I can still recall the shock and the dismay within the planetary science community when it was revealed in the President's request for 2013 that funding for Planetary Science in the US would fall by about $300 million, or about 20%. Certainly, those of us in the community foresaw declining mission selection rates. In particular, the Mars program was expected to be deferred by removing the money which was originally to be reinvested once MSL's funding profile dropped off. Additionally, horizons for the Discovery and New Frontiers programs have been pushed out significantly and there are no flagships in the works this decade aside from the still undefined Mars 2020 Mission.

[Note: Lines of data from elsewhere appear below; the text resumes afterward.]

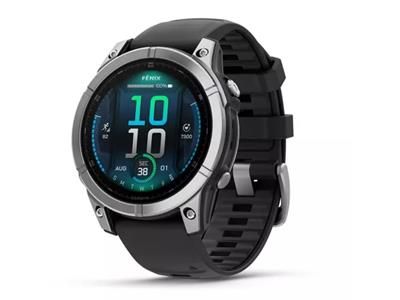 Garmin Fenix E Stainless Steel Black 47mm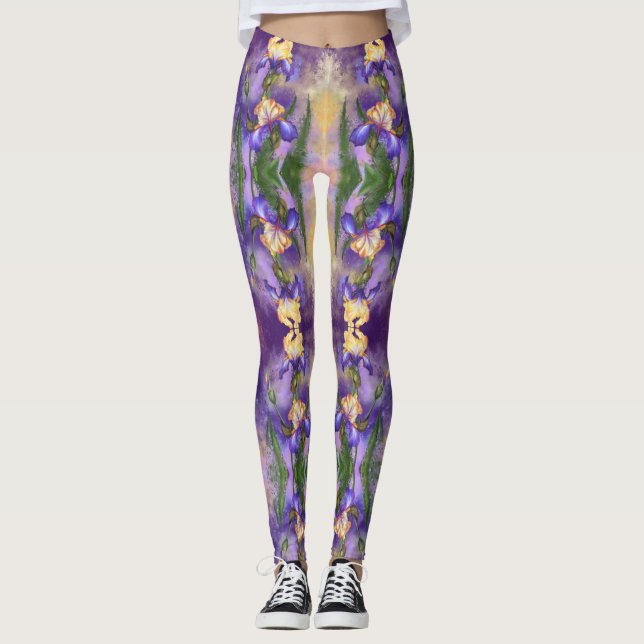 Irises Leggings (Framsida)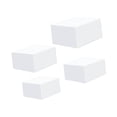 thumbnail image 4 of Lipstore 4 Pieces Acrylic Cube Display Box Riser for Catering Collection Collectibles White M, 4 of 8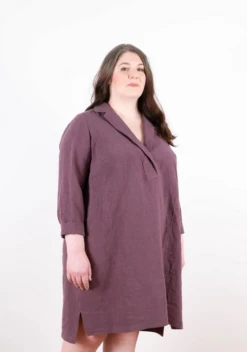 Grainline Studio Augusta Shirt & Dress BUST 40" - 56" (Intermediate) -CELOVE Clothing Shop image 67594.1598971852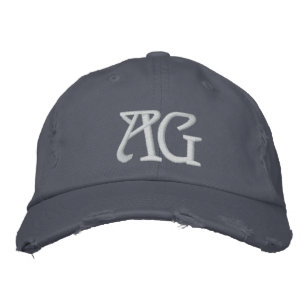 MONOGRAMMED HATS BRODERAD KEPS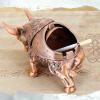 Home Ashtray Creative Animal Cattle Ashtray Crafts Brass Ash Tray Living Room Entrance Office Decoration Car Ashtray Gift for Boyfriend Household ashtrays view 4
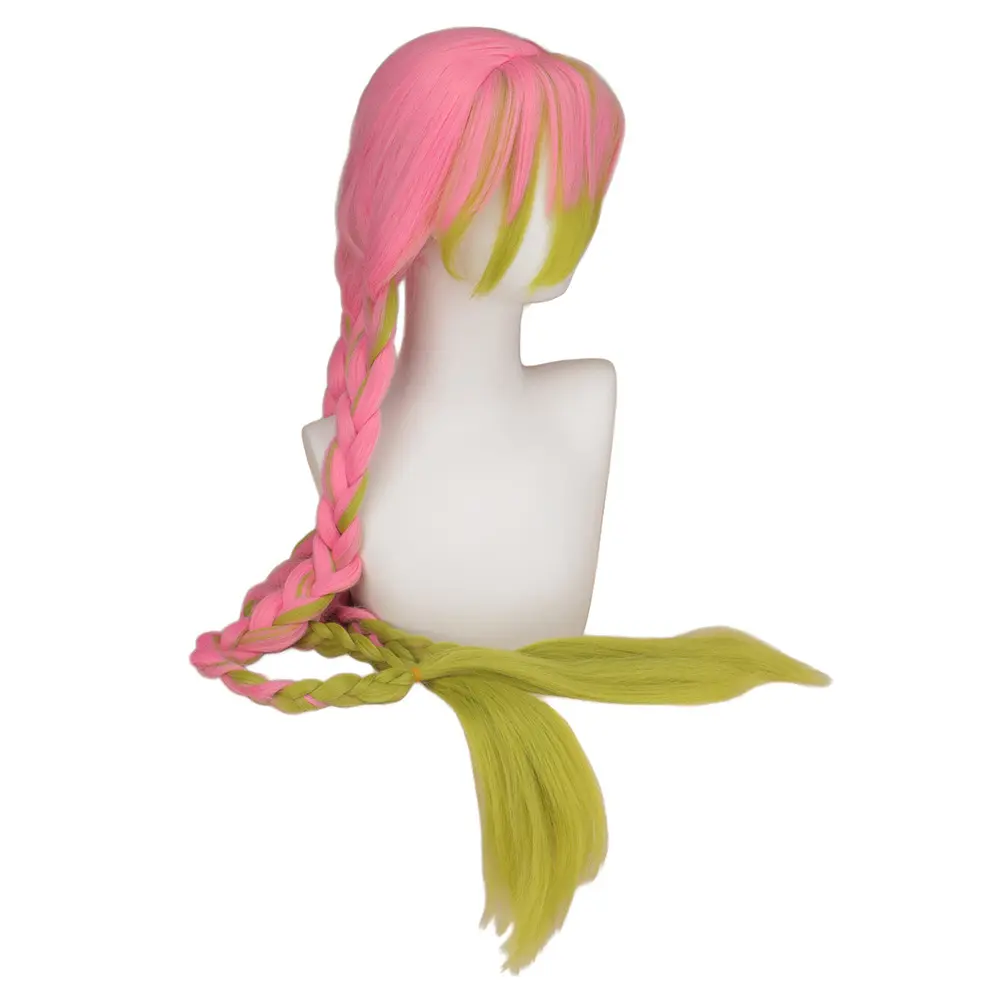 鬼灭之刃甘露寺蜜璃 恋柱cos假发 渐变加厚粗 Cosplay假发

Traditionally, the NASA Research and Analysis (R&A) program has filled in the gaps between missions, preventing the cyclic loss of talent and information that occurs between flight opportunities. This was seed capital used to foster the continued training of graduate students, postdocs, professors and soft money researchers as they looked deeper into already-acquired data. Thus, the program also did good work by enhancing the science return of missions past.
But with sequestration on the horizon, the PSD is forced to play conservatively and, correspondingly selection rates for R&A proposals have plummeted to the 10% level. Where before proposals ranked as low as good (3/5) might be chosen for funding, there are reports of rankings of very good to excellent (4.5/5) being denied. The effect of this change has been documented by the Planetary Science Institute's Mark V. Sykes and you can read the testimonials here. If we look at the "budget wedge" for planetary science presented at the 2011 LPSC conference we can get a better idea of one reason why selection rates have necessarily declined:
The 2011 Fiscal Planning Wedge for the Planetary Decadal Survey. The empty white space beneath the heavy black line was thought to be the space we were planning. We were wrong. The request for 2013 nearly follows the colored bars down to below $1.2 billion forcing either no new starts or heavy reductions. We're only now finding out what that number means. Sequestration forces additional cuts.